Richard Rublev Richard Rublev - 3 months ago 16
Bash Question

Query within a specific range of line numbers from a xml file

I want to query

xml
file from lines to 1374-1601

I have tried this

$ sed -n '1374,1601p' *.xml |
xmlstarlet sel -t -v '//caldata[@chopper="on"]/c2[@unit="V/(nT*Hz)"]'


But I got

-:7.9: Extra content at the end of the document
<caldata chopper="on" gain_1="0" gain_2="0" gain_3="0" impedance="(0,0)"
^


My idea was to select lines and then pipe these lines to xmlstartlet but hat does not work.

Part of the xml file

<channel id="2">
<calibration>
<cal_version>1.0</cal_version>
<creator>software chcal 1.2</creator>
<user>metronix</user>
<calibrated_item>
<ci identifier="coil">MFS07e</ci>
<ci_serial_number>252</ci_serial_number>
<ci_revision/>
<ci_date>2013-01-24</ci_date>
<ci_time>10:57:24</ci_time>
<ci_calibration_valid_until/>
<ci_next_calibration/>
<ci_tag/>
<ci_owner/>
<ci_owners_address/>
<ci_manufacturer>metronix</ci_manufacturer>
<ci_manufacturers_address>Kocher Str. 3, 38120 Braunschweig, Germany</ci_manufacturers_address>
<ci_comments/>
</calibrated_item>
<calibration_equipment>
<ce/>
<ce_serial_number/>
<ce_revision/>
<ce_date/>
<ce_time/>
<ce_calibration_valid_until>1970-01-01</ce_calibration_valid_until>
<ce_next_calibration/>
<ce_tag/>
<ce_operator/>
<ce_location>Magnetsrode</ce_location>
<ce_contact_address>Kocher Str. 3, 38120 Braunschweig, Germany</ce_contact_address>
<ce_comments/>
</calibration_equipment>
<calibration_protocol>
<mtx>
<mtx_serial_numer_engraved/>
<mtx_preamplifier_serialnumber/>
<mtx_ch1_div_ch2_at_1000gain_0dot025_hz/>
<mtx_phase_deg_at_1000gain_0dot025_hz/>
<mtx_ch1_div_ch2_at_1000gain_0dot025_hz_calibrated/>
<mtx_phase_deg_at_1000gain_0dot025_hz_calibrated/>
<rec_freq_resp_at_0dot_0025_to_100_hz_at_gain_1000/>
<rec_freq_resp_at_0dot_0025_to_100_hz_at_gain_100/>
<rec_freq_resp_at_0dot_0025_to_100_hz_at_gain_10/>
<rec_freq_resp_at_0dot_0025_to_100_hz_at_gain_1/>
<gain_factor_preamplifier/>
<actual_sensitivity_ch2_by_ch1/>
<actual_sensitivity_theta/>
<calibrated_sensitivity_ch2_by_ch1/>
<calibrated_sensitivity_theta/>
<calibrated_cal_path_ch2_by_ch1/>
<calibrated_cal_path_theta/>
<calibrated_chopper_on/>
<calibrated_chopper_off/>
<calibrated_chopper_ukn/>
</mtx>
</calibration_protocol>
<caldata chopper="on" gain_1="0" gain_2="0" gain_3="0" impedance="(0,0)">
<c0 unit="V">0.00000000e+00</c0>
<c1 unit="Hz">4.00000000e-01</c1>
<c2 unit="V/(nT*Hz)">1.93430000e-02</c2>
<c3 unit="deg">8.92260000e+01</c3>
</caldata>


I have tried to use bichop's advice

xmlstarlet sel -t -v \
'//channel[@id="2"]/caldata[@chopper="on"]/c2[@unit="V/(nT*Hz)"]'


but it does not work.

Here is my xml file

http://pastebin.com/0BJTAMGV

Answer

The xmlstarlet command at the end of your answer has some problems that mean it will never work. The initial part of your query is...

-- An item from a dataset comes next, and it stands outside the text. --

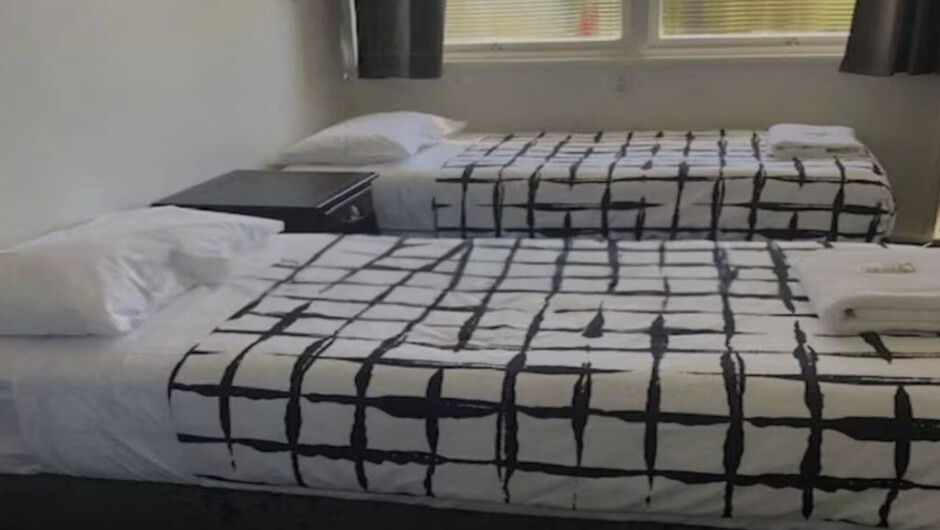 Basic twin room| with a private bathroom and shared kitchen access.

//channel[@id="2"]/caldata[@chopper="on"]

...but according to your sample data, this will never match, because the channel element does not have any caldata elements as immediate children. The tag hierarchy is:

channel
   calibration
     cal_version
     creator
     calibrated_item
     calibrated_equipment
     calibration_protocol
     caldata
     ...

So you would need at least:

//channel[@id="2"]/calibration/caldata[@chopper="on"]

Given your sample data, if I close off all the unclosed tags, I get:

$ xmlstarlet sel -t -v \
  '//channel[@id="2"]/calibration/caldata[@chopper="on"]' data.xml 
  0.00000000e+00
  4.00000000e-01
  1.93430000e-02
  8.92260000e+01

And in fact, with that one correction your entire query seems to work:

$ xmlstarlet sel -t -v \
  '//channel[@id="2"]/calibration/caldata[@chopper="on"]/c2[@unit="V/(nT*Hz)"]' data.xml
1.93430000e-02